Returns a list of models with metadata (e.g., openai/gpt-4o, anthropic/claude-opus, groq/llama3-70b).

Troubleshooting

MCP Server Not Starting

Error: command not found: liter-llm

Ensure the CLI is installed and in your PATH:

liter-llm --version
which liter-llm

If not found, reinstall:

brew trust xberg-io/tap
brew install xberg-io/tap/liter-llm
# or
cargo install liter-llm-cli

IDE Not Seeing Tools

VS Code / GitHub Copilot:

  1. Restart VS Code completely (close and reopen)
  2. Check the "Extension" → "MCP" debug output for errors
  3. Verify the command path in settings.json is correct

Claude Desktop:

  1. Restart Claude Desktop
  2. Check ~/Library/Logs/Claude/ for error logs
  3. Verify the config file is valid JSON

Cursor:

  1. Use ⌘+K → "MCP Servers" to reload
  2. Check the Cursor settings panel for errors

API Key Not Found

Error: authentication failed: api key not set

Ensure API keys are set as environment variables before starting the MCP server:

export OPENAI_API_KEY="sk-..."
liter-llm mcp --transport stdio --config liter-llm-proxy.toml

Or hardcode them in the IDE config (less secure):

"env": {
  "OPENAI_API_KEY": "sk-..."
}

Never commit API keys

Use environment variables or a .env file (not committed to git).
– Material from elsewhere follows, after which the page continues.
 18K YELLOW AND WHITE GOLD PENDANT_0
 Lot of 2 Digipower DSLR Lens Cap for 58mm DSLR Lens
See Secrets and API Key Handling for best practices.

Timeout Errors

Error: request timeout after 30s

Increase the timeout in a config file:

[general]
default_timeout_secs = 120

Then start with the config:

liter-llm mcp --transport stdio --config liter-llm-proxy.toml

Port Already in Use (HTTP)

Error: bind failed: address already in use

Use a different port:

liter-llm mcp --transport http --host 127.0.0.1 --port 3002

Or kill the existing process:

lsof -i :3001
kill -9 <PID>

Remote Connection Refused

Error: connection refused: 127.0.0.1:3001

Ensure the MCP server is running and listening on the correct host/port:

# Start the server
liter-llm mcp --transport http --host 0.0.0.0 --port 3001 &

# Test the connection
curl http://127.0.0.1:3001/mcp \
  -H "Content-Type: application/json" \
  -H "Authorization: Bearer $LITER_LLM_MASTER_KEY" \
  -d '{"jsonrpc":"2.0","id":1,"method":"tools/list"}'

Note

Use 0.0.0.0 to allow remote connections. For local development, 127.0.0.1 is safer.